The most important community-scale system dependent on urbanism is transit. It has long been known that density and transit ridership are linked, but it goes much deeper than that. The key to viable transit systems is not just density but walkability and mixed use—true urban places. If people cannot walk the quarter mile to or from a station, chances are they will not use the transit. Conversely, if they can easily run errands and coordinate trips on the way to or from a station, they are more likely to use transit. European data show that the percentage of walk or bike trips always exceeds that of transit trips—often by more than two to one.27 In fact, walking by itself constitutes 30 percent of all trips in Great Britain (versus 9 percent transit), and in Sweden walk/bike trips are 34 percent of the total (versus 11 percent transit). 28 Transit supports and extends the pedestrian environment; transit is pedestrian dependent, not the other way around. The primary alternative to the car and all of its environmental costs is the pedestrian environment and the walkable urbanism that supports transit.

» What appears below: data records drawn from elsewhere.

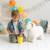 Peluche mouton mini en coton White 2 - vertbaudet enfant 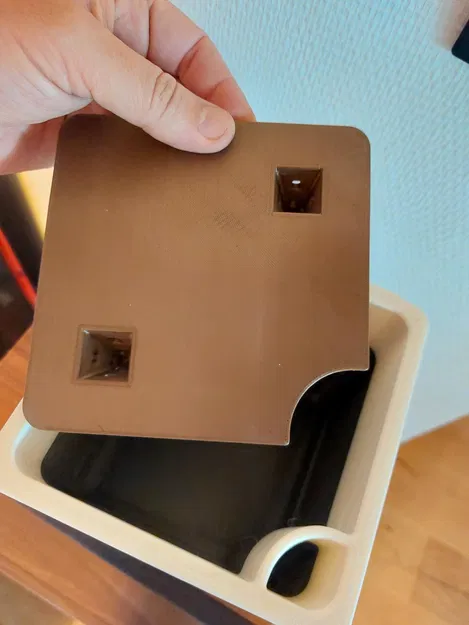 Chậu hoa treo tường (hoặc không) / Pot de Fleur mural (ou pas) - Image 3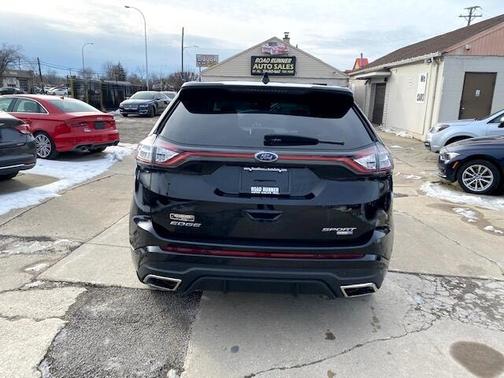 2017 Ford Edge Sport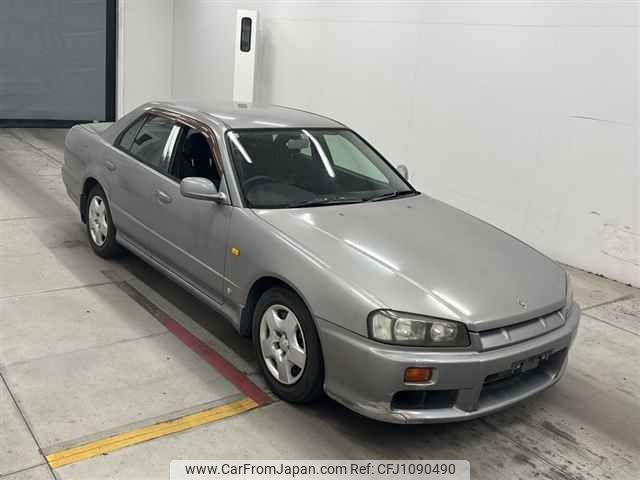 nissan skyline 1998 -NISSAN--Skyline HR34-003671---NISSAN--Skyline HR34-003671- image 1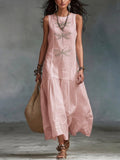 Ginebra™ | Vestido Largo sin Mangas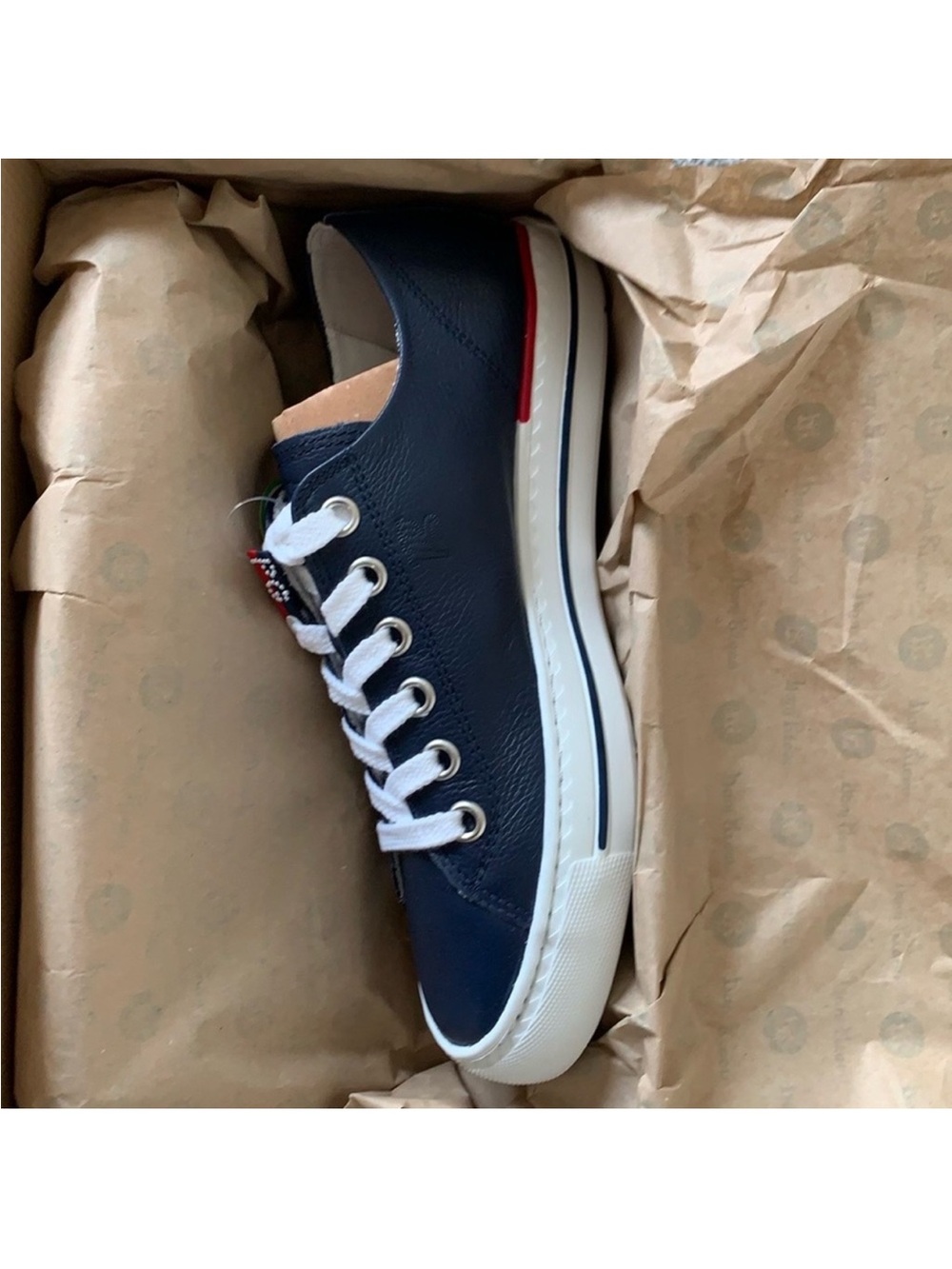 Dark blue Low Top Sneakers 
Women’s US sizes - Picture 7 of 11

A good transit system has many layers, from local buses to bus rapid transit and streetcars, from light rail to subways and commuter trains. They all feed into and reinforce one another, and they all depend on walkable urbanism at the origin and destination. The quality of the interface from walking to transit, and from one form of transit to the other, is central to displacing car trips and is the greenest technology that urbanism provides.

The relationship among transit, urbanism, travel behavior, and carbon emissions is complex but can be summarized with one key quantifiable metric, vehicle miles traveled (VMT)—effectively, the amount we drive. VMT is determined by the number and distance of trips we take, and our “mode split”—the percentage of trips taken by various transportation modes such as walk, bike, car, carpool, or transit. Each household, depending on its location, income, and size, has an average VMT per year, which when combined with various auto technologies will generate its travel carbon footprint.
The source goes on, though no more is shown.